Ich drückte auf „Senden“ und fuhr weiter durch die Nacht. Blaue Bildschirme, rote Ampeln, gelbe Straßenlaternen, die Stadt war bunt und gleichzeitig unendlich grau.

Am nächsten Morgen vibrierte mein Handy, bevor der Wecker klingelte.

27 neue Kommentare.

Jemand schrieb: „Ich bin jeden Mittwochabend eh im Zypressenweg unterwegs, ich bring gern Kuchen vorbei.“ Ein anderer: „Bin Krankenpfleger, kann mal ungezwungen Blutdruck kontrollieren.“ Eine junge Mutter: „Meine Kleine liebt ältere Leute. Wenn es für ihn okay ist, kommen wir vorbei und sie zeigt ihm ihr neues Bilderbuch.“

Und dann ein Kommentar, der mir die Luft nahm: „Meine Oma sitzt wahrscheinlich zwanzig Straßen weiter genau wie er. Ich habe gestern mit ihr telefoniert. Ich schäm mich, dass ich das erst durch deinen Post kapiere.“

An diesem Tag machte ich viele Lieferfahrten. Aber jede Adresse war plötzlich mehr als ein Punkt auf einer Karte. Ich fing an, anders zu fragen.

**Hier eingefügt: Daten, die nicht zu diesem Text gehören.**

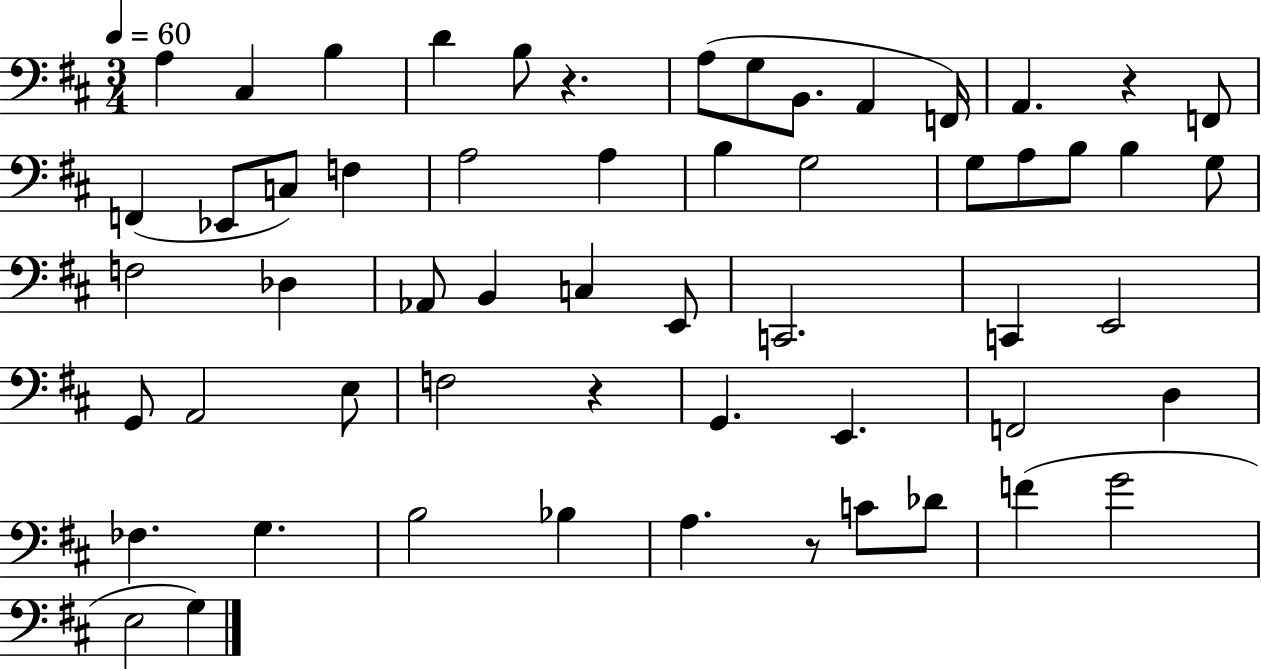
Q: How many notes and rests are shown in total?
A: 57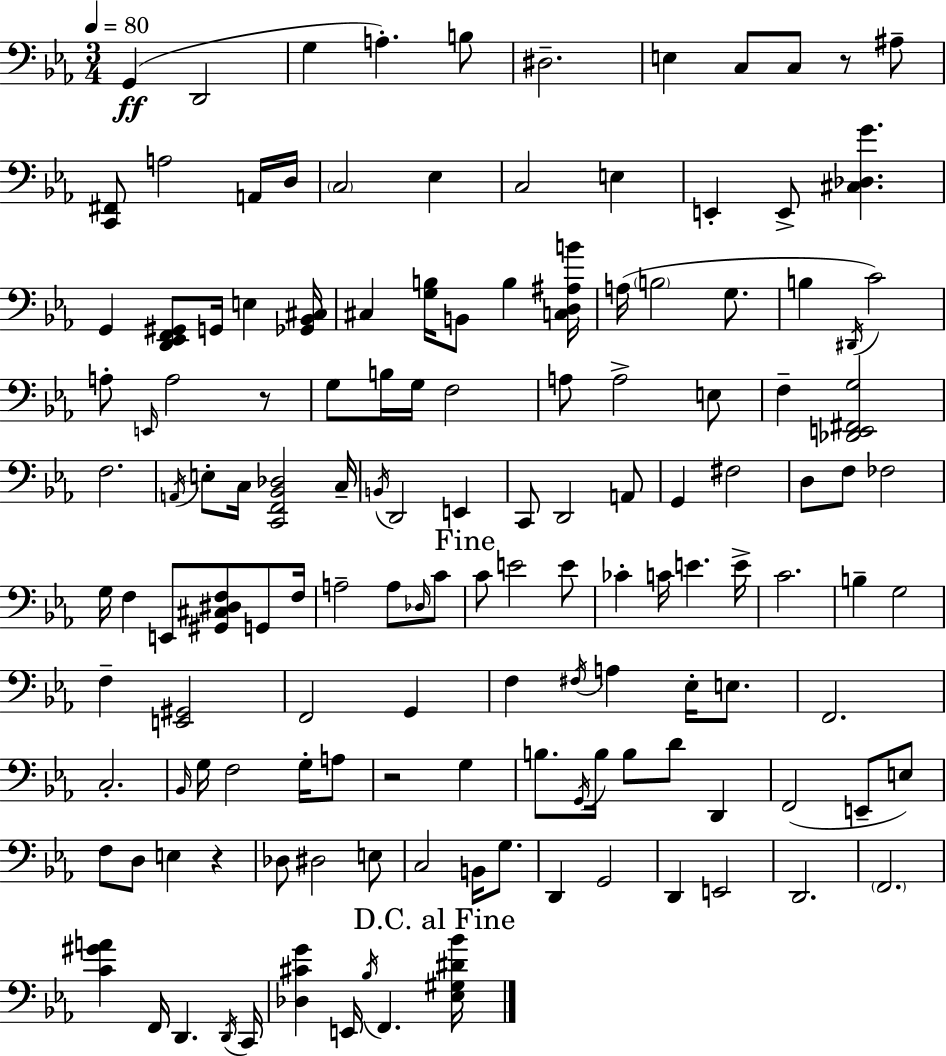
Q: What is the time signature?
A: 3/4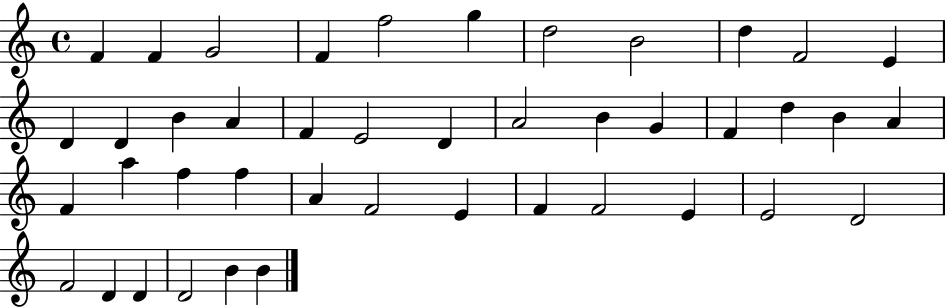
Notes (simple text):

F4/q F4/q G4/h F4/q F5/h G5/q D5/h B4/h D5/q F4/h E4/q D4/q D4/q B4/q A4/q F4/q E4/h D4/q A4/h B4/q G4/q F4/q D5/q B4/q A4/q F4/q A5/q F5/q F5/q A4/q F4/h E4/q F4/q F4/h E4/q E4/h D4/h F4/h D4/q D4/q D4/h B4/q B4/q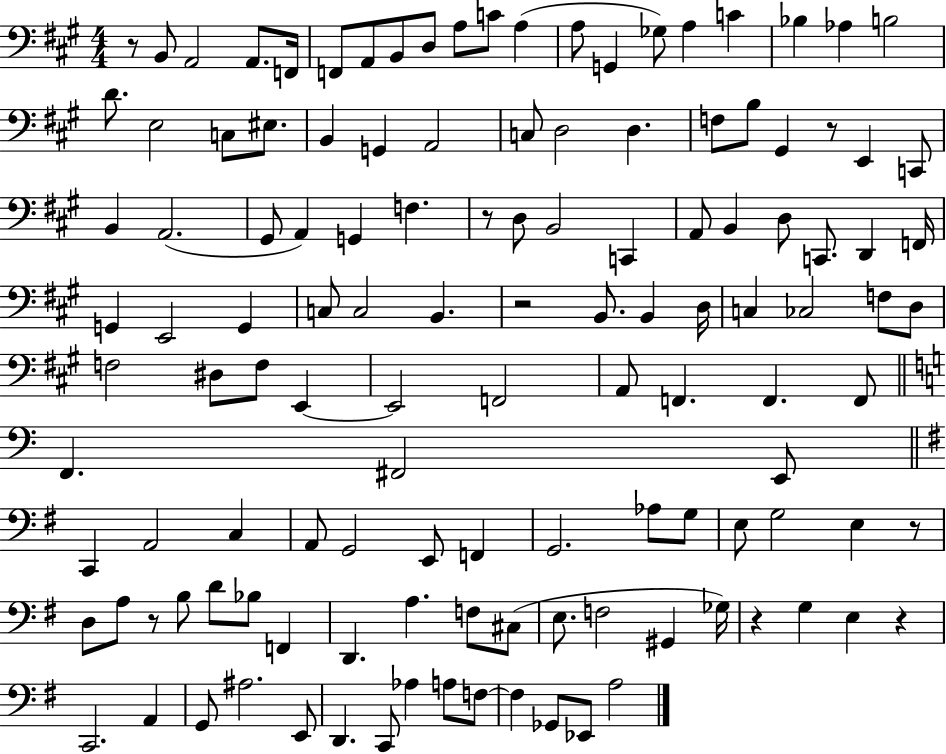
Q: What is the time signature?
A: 4/4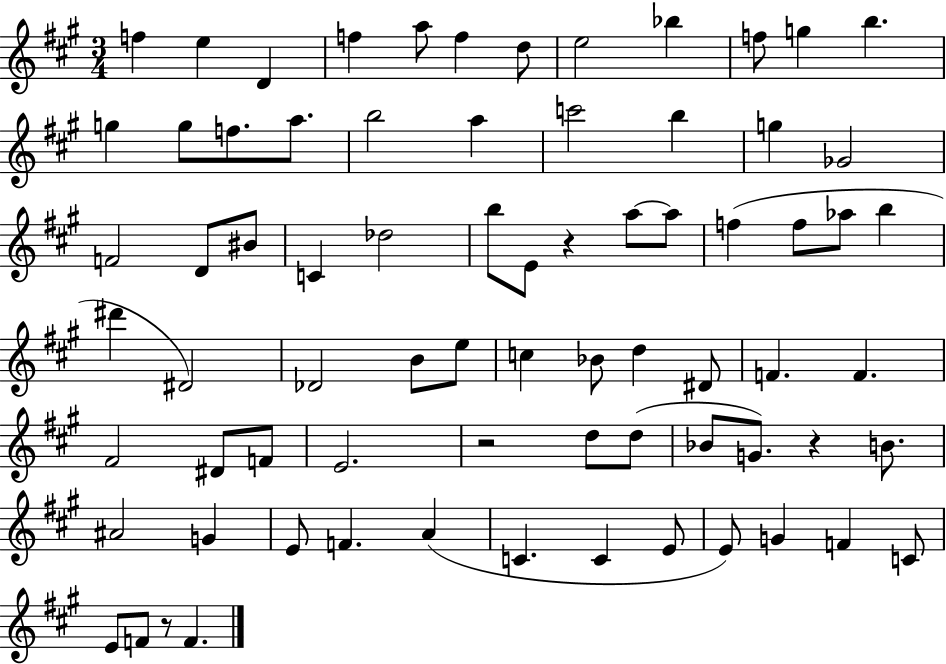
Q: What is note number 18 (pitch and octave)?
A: A5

„Guten Abend, Ihre Bestellung!“

„Danke…“

„Alles okay bei Ihnen?“

Manche Leute sahen mich an, als wäre ich verrückt. Andere fingen an zu reden. Ganz kurz nur. Aber die Art, wie ihre Schultern sich senkten, verriet mir, wie unendlich selten jemand diese Frage stellte.

Die Wochen vergingen. Herr Brenner bekam seinen Klingelplan.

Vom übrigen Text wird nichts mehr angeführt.